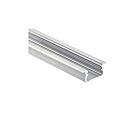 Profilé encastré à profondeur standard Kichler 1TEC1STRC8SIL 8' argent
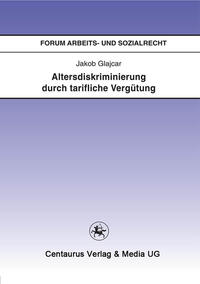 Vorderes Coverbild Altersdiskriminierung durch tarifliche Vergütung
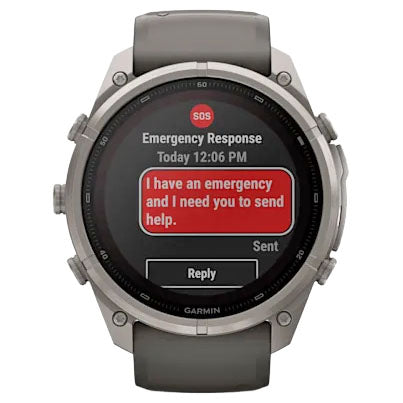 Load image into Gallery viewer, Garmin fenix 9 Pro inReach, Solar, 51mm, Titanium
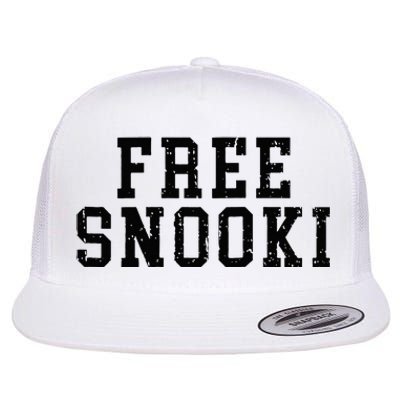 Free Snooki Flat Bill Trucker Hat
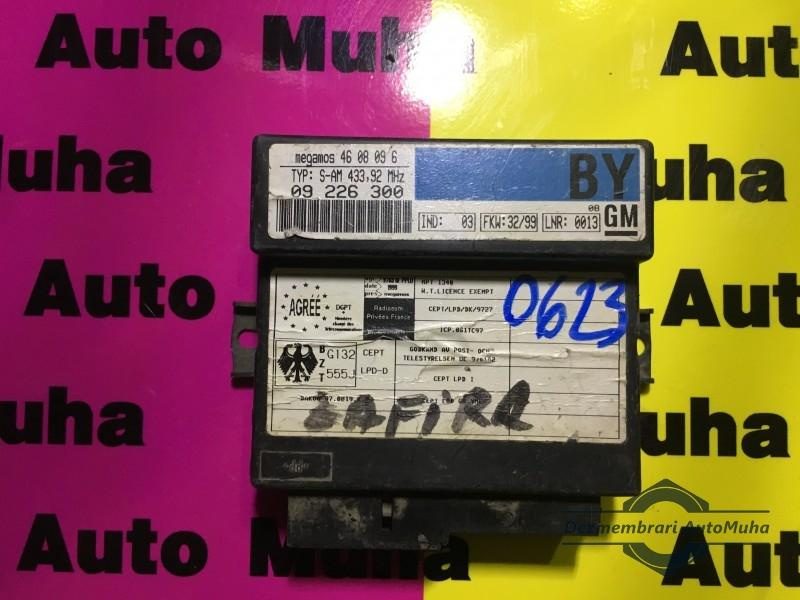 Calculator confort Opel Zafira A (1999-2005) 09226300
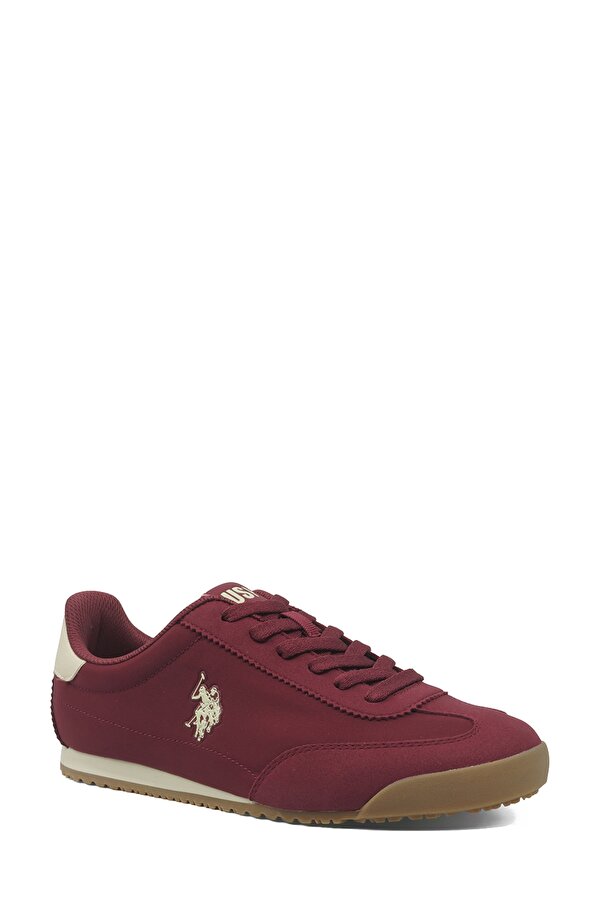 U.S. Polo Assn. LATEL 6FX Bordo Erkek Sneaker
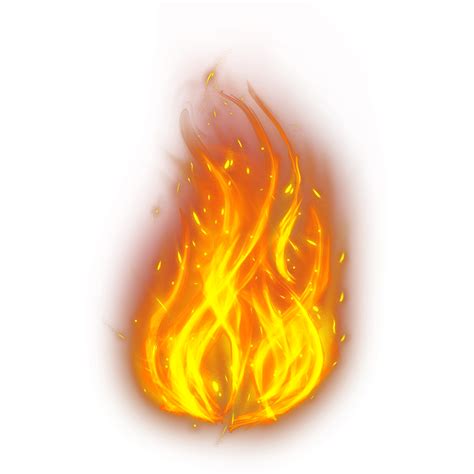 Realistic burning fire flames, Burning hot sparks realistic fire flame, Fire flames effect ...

* * *

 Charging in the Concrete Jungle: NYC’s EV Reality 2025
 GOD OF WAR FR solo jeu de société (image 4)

_Aim of the task_: In the data above, find the line containing "Calculator confort Opel" and the line containing "Realistic burning fire". Repeat those two lines and everything between them exactly, minus the pictures.

_Response_:
 Calculator confort Opel Zafira A (1999-2005) 09226300
 U.S. Polo Assn. LATEL 6FX Bordo Erkek Sneaker
 Realistic burning fire flames, Burning hot sparks realistic fire flame, Fire flames effect ...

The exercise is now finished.